Using Nagios

The StackLight Infrastructure Alerting plugin configures Nagios to display the health status of all the nodes and services running in the OpenStack environment. The alarms, or service checks in Nagios terms, are created in passive mode, which means that the actual checks are not performed by Nagios itself, but by the Collector and Aggregator agents of the LMA toolchain.

To get an overview of your OpenStack environment:

  1. Log in to the Fuel web UI.

  2. Click Dashboard.

  3. Click Nagios.

  4. Click the Services link in the left panel of the Nagios web UI. You should see the following page:

    _images/nagios_services.png

In this dashboard, there are two virtual hosts representing the health status of the so-called global clusters and node clusters entities:

  • 00-global-clusters-env${ENVID} is used to represent the aggregated health status of global clusters, such as ‘Nova’, ‘Keystone’, ‘RabbiMQ’, and others.
  • 00-node-clusters-env${ENVID} is used to represent the aggregated health status of node clusters, such as ‘Controller’, ‘Compute’, and ‘Storage’.

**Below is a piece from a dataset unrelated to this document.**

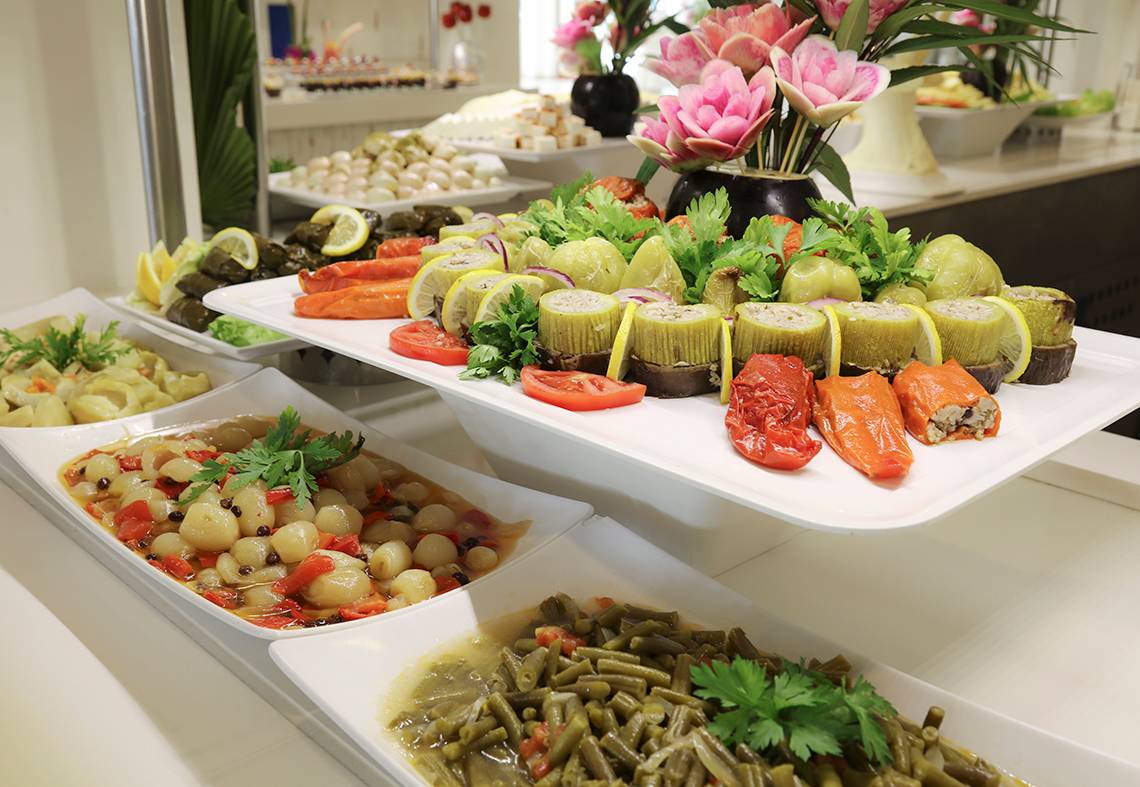 Buffettisch im LABRANDA TMT Bodrum mit verschiedenen Gerichten.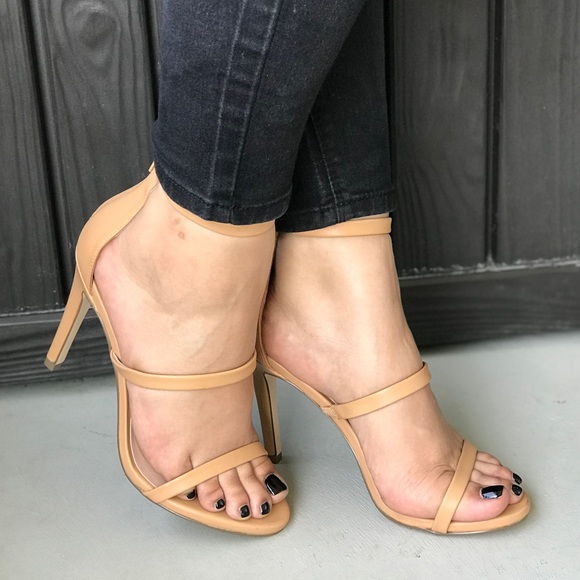 NIB Candy Dancer Nude Triple Strap Stiletto Sandal - Picture 5 of 7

The virtual hosts section contains a list of checks received for each of the nodes provisioned in the environment. These checks may vary depending on the role of the node being monitored.

Alerting is enabled by default for the global cluster entities. For the nodes and clusters of nodes alerting is disabled by default to avoid the alert fatigue, since these alerts should not be representative of a critical condition affecting the overall health status of the global cluster entities.

To enable alerting for nodes and clusters:

  1. Click a particular service.

  2. Click the Enable notifications for this service link within the Service Commands panel as shown below.

    _images/nagios_enable_notifs.png

There is a direct dependency between the configuration of the passive checks in Nagios and the configuration of the alarms in the Collectors. For details, see the Configuring alarms section in the StackLight Collector documentation. A change in /etc/hiera/override/alarming.yaml or /etc/hiera/override/gse_filters.yaml on any of the nodes monitored by StackLight would require reconfiguring Nagios. It also implies that these two files should be maintained rigorously identical on all the nodes of the environment including those where Nagios is installed. StackLight provides Puppet artifacts to help you out with that task. To reconfigure the passive checks in Nagios when /etc/hiera/override/alarming.yaml or /etc/hiera/override/gse_filters.yaml are modified, run the following command on all the nodes where Nagios is installed:

# puppet apply --modulepath=/etc/fuel/plugins/\
lma_infrastructure_alerting-<version>/puppet/modules:/etc/puppet/modules \
/etc/fuel/plugins/lma_infrastructure_alerting-<version>/puppet/manifests/nagios.pp

Configuring service checks using the InfluxDB metrics

You could also configure Nagios to perform active checks, which are not performed by StakLight by default, using the metrics stored in InfluxDB’s time-series. For example, you could define active checks to be notified when the CPU activity of particular process is too high.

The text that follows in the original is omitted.